J'ai acquiescé et je suis partie avec mes anciens camarades de classe. Les membres de la famille d'une personne décédée ne voient pas les visiteurs à la porte lors d'une veillée funèbre.
Je ne suis pas superstitieuse et Winston et moi n'étions pas particulièrement proches. J'ai décidé que le chagrin d'Emily lui était monté à la tête. Cela, et le fait de vivre avec Winston, qui était d'origine chinoise et suivait les vieilles coutumes sans se poser de questions.
Ne mettez pas votre sac à main par terre, nous disait Emily, Winston dit que cela porte malheur pour les affaires. N'utilisez pas le chiffre "quatre" dans votre mot de passe, cela signifie la mort ! Vous vous faites faire une manucure ce soir ? Mais si vous vous coupez les ongles à la tombée de la nuit, vous attirerez à vous les esprits errants !
"Vous n'avez pas à obéir à ces pamahiin-vous n'êtes pas chinois !", disions-nous à Emily.
"Ce n'est pas grave", répliquait-elle. "Vous ne perdrez rien à les suivre !"
Il était tard et j'ai pensé qu'il serait dangereux de prendre un taxi, alors j'ai pris un jeepney pour rentrer chez moi.
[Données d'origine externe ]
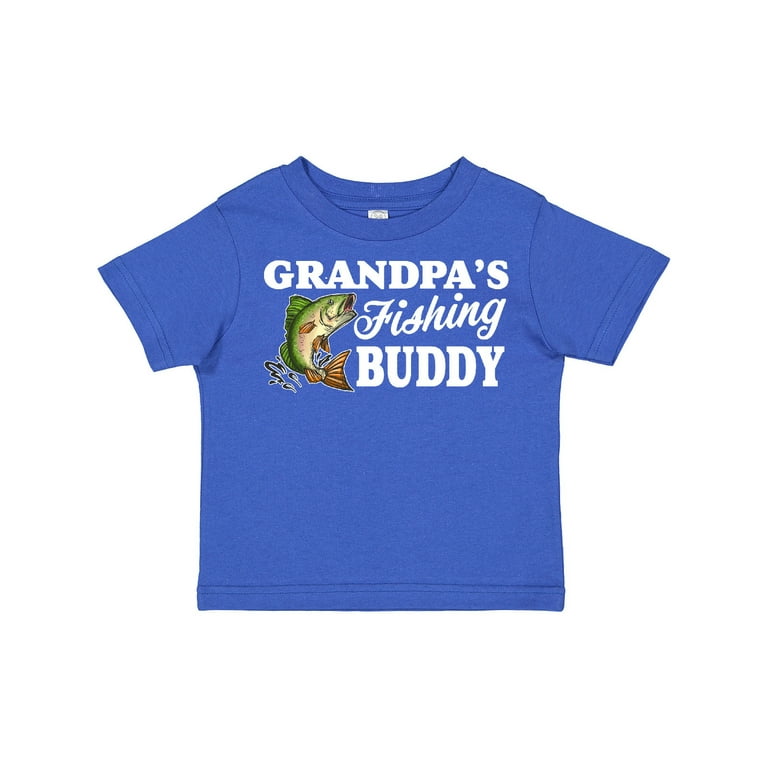Inktastic Grandpa's Fishing Buddy with White Text Boys Toddler T-Shirt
Une faible lumière jaune éclairait à peine les visages des quelques autres passagers et ne parvenait pas à percer une ombre épaisse à l'extrémité de la jeep derrière le conducteur.
Quand je suis descendue à mon arrêt, j'ai senti un mouvement derrière moi. Je me suis retourné. Personne d'autre n'était descendu. Je n'ai pas vu de chats ou d'autres animaux errants que j'aurais pu percevoir du coin de l'œil.
Je ne me suis pas sentie seule.
Il y avait un McDonald's près de notre appartement. Il était très éclairé et de nombreuses personnes faisaient la queue à l'intérieur, attendant des hamburgers, du poulet au riz et des cornets de glace. L'agent de sécurité m'a ouvert la porte vitrée.
La seule table libre se trouvait juste sous les escaliers. Les lampes fluorescentes, qui brillent partout ailleurs dans le magasin, ne parviennent pas à dissiper une ombre épaisse accroupie dans un coin.
Je peux à peine mâcher mes nuggets de poulet et je repousse le Coca-Cola aqueux. Je n'avais pas besoin d'une boisson froide, pas quand j'avais l'impression que quelqu'un faisait courir un glaçon le long de ma colonne vertébrale. Je ne suis pas superstitieuse, me répétai-je, mais j'avais faim après tout. Peut-être qu'Emily avait raison, que j'avais besoin d'une collation. Je me suis souvenue que je n'avais rien mangé à la veillée, ni les Skyflakes, ni le jus de pomme en tétra pack.
Peut-être étais-je aussi en deuil, partageant le chagrin de mon ami, regrettant la perte de quelqu'un de ma génération, sentant ma propre mortalité alors que la mort emportait un à un mes proches et les miens, son arrivée étant aussi inévitable que la vie et son cortège de plaisirs et de malheurs. Les superstitions font partie de nos faibles tentatives pour manipuler la vie à notre avantage, mais on ne peut repousser l'inévitable que pendant un certain temps. Je me suis levé et me suis épousseté, mes mains balayant la poussière invisible de mes cheveux, de mes vêtements et de ma peau. Je l'ai fait deux fois, trois fois, chaque fois avec plus de force que la précédente.
Je me suis forcée à ne pas me dépêcher de sortir. Une fois dehors, je me suis retournée et j'ai regardé à travers les vitres.
A la table que je venais de quitter, il y avait une lueur d'herbe verte.